Exercise material
──────

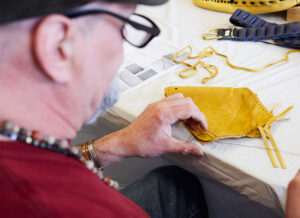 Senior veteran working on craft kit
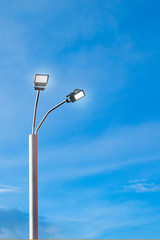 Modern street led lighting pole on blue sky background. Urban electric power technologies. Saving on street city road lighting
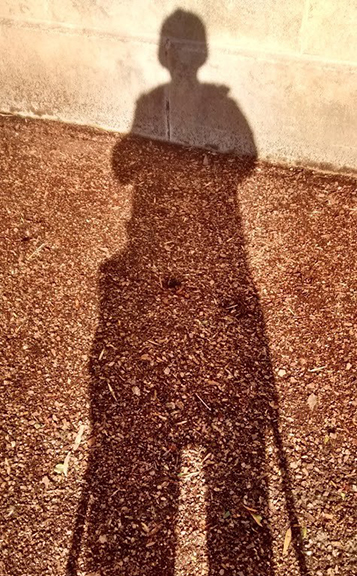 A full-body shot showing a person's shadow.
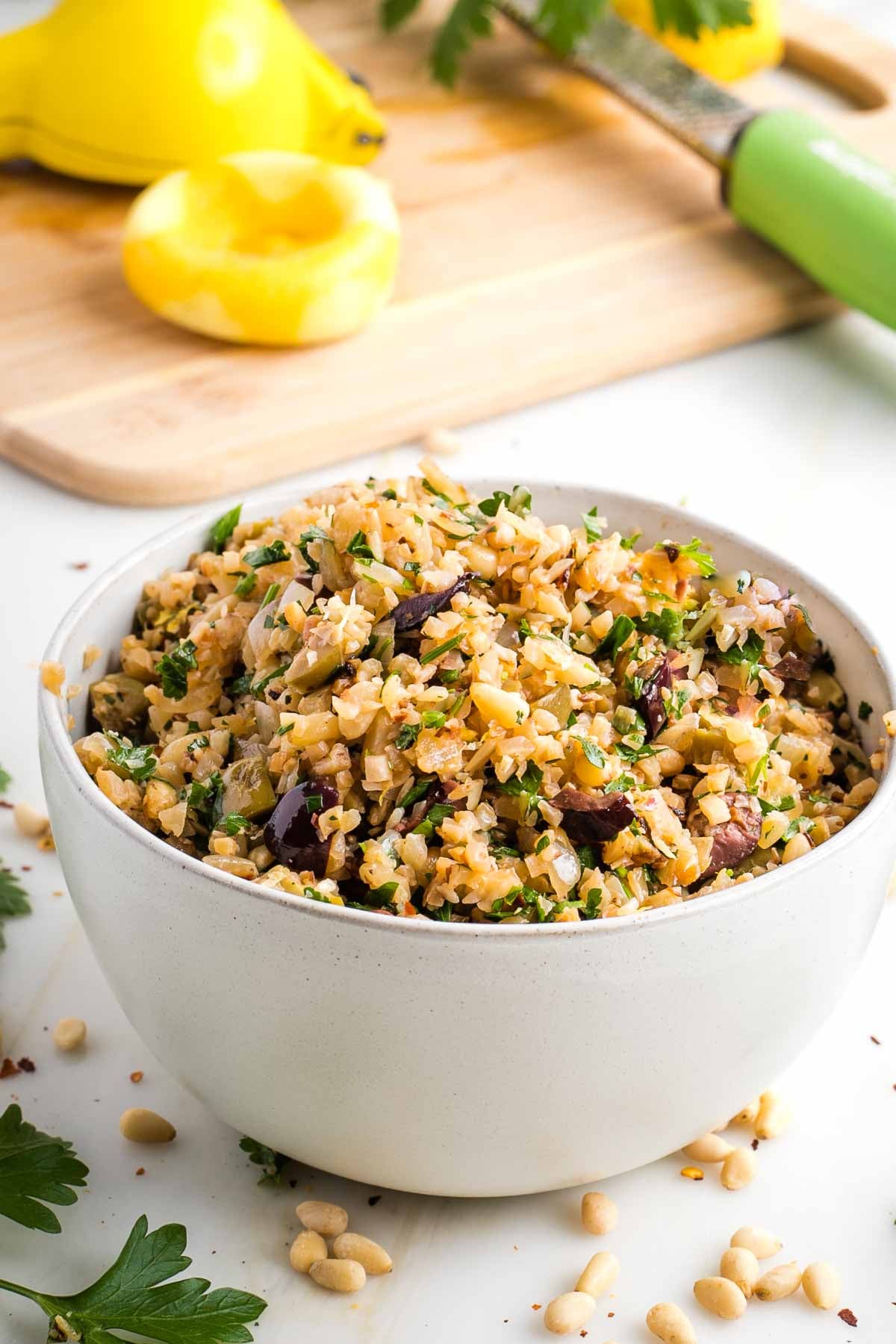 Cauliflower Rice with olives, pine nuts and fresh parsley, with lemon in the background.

──────

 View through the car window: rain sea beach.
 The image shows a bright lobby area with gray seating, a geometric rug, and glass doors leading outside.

──────

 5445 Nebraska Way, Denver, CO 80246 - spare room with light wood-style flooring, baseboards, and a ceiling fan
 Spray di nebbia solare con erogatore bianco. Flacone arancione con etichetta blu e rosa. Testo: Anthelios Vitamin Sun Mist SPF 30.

──────

Exercise
In the data above, retype exactly and only the lines between the one holding "5445 Nebraska Way, Denver, CO" and the one holding "Spray di nebbia", inclusive.

Your response
 5445 Nebraska Way, Denver, CO 80246 - spare room with light wood-style flooring, baseboards, and a ceiling fan
 Spray di nebbia solare con erogatore bianco. Flacone arancione con etichetta blu e rosa. Testo: Anthelios Vitamin Sun Mist SPF 30.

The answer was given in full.